Woods can be a city. (p 54, "I Think Words Do This To Your Body")
On the other hand, there is something astounding, and even spellbinding about the poems in Wilkinson's second collection, lug your careless body out of the careful dusk. Built as what could easily be called a long poem broken into fragments, the collection is broken into seven sections that are themselves broken, page by page and line by line. Winner of the prestigious poetry manuscript contest, the Iowa City Prize (which I keep not winning), the winner gets an armload of cash and a published book at the end of it, with previous winners including Cole Swensen, Liz Waldner, Joanna Goodman, Peter Jay Shippy, Michele Glazer, Susan Wheeler and Emily Rosko.
Did the movies spoil you early?
Couldn’t the river take that man away?
Had you wished for a better entry?
***
The man slumped wide-eyed
dead at the wheel of the milk truck
isn’t enough for a poem until
the ground thaws,
the windshield splatters onto the dash,
into his pleated lap & animals catch
the opened scent.
Montana burned flesh. They nuzzle
& tug him lengthwise
like a dummy
into the goat field
& wish him goodbye.
Sweaty water, oven belly, brick chin, monster
oarsman, your man square
in the mirror like he's been drinking
the spitty punches. (p 8-9, "A Moth in the Projectorlight")
There is just something about Wilkinson's lines that pull apart the material of the poem and break down into the essential lyric fact. How is a poem? In his work generally, Wilkinson manages to pull a shock of image against another shock, and let the resonant electrical bursts make waves across the many layered lines. Call it resonance, perhaps; call it love and lusty restrain. The lines of lug your careless body out of the careful dusk just keep feeding in through other lines and leaving physical traces, well after I've finished reading. Written with echoes of the previous book, the poems in this collection are more abstract than those of his Schiele work; even to be able to call it the "Schiele work" seems an inappropriate boiling down of such material, but what else to call it?
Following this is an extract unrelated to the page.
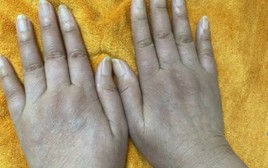 Nữ doanh nhân có 1 dấu hiệu lạ ở tay nhiều năm: Đi khám bác sĩ cảnh báo hàng loạt tạng đang "gặp nguy"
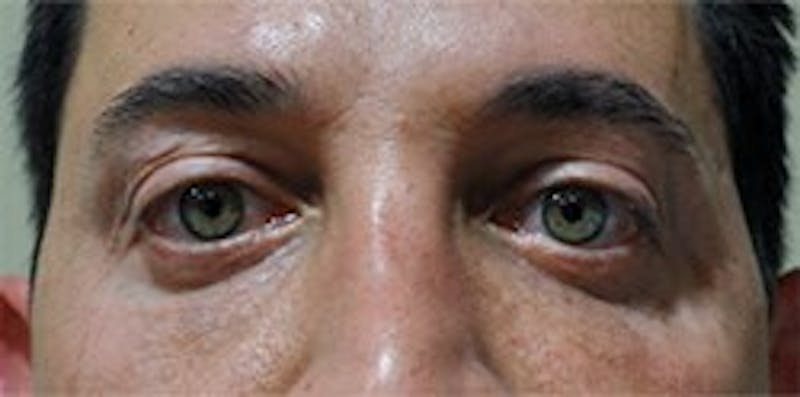 Eyelid Surgery Before & After Gallery - Patient 89991384 - Image 2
And how else to consider this work, where by holding less hard onto the ideas of a fact the poems themselves become so much more?
A girl I knew plowed fields all night
in Bow, slower than sleep-
walking until the sun creamed
the hilled horizon, rousing the elk
to gallop through it & dimmed out
the headlight of her tractor, green
as a lime. Thirsty bugs, coyote shriek,
damn summer things to dread. She was
so quiet in the morning when
we'd wake for work that I feared my
breathing would be the most awful sound
& held it until she began
to search for clothes & dress before me
in the dark. (p 54, "Boy-Scatter, the Sleepier & the Sleepiest")
lug your careless body out of the careful dusk is a magnificent collection and needs to be experienced.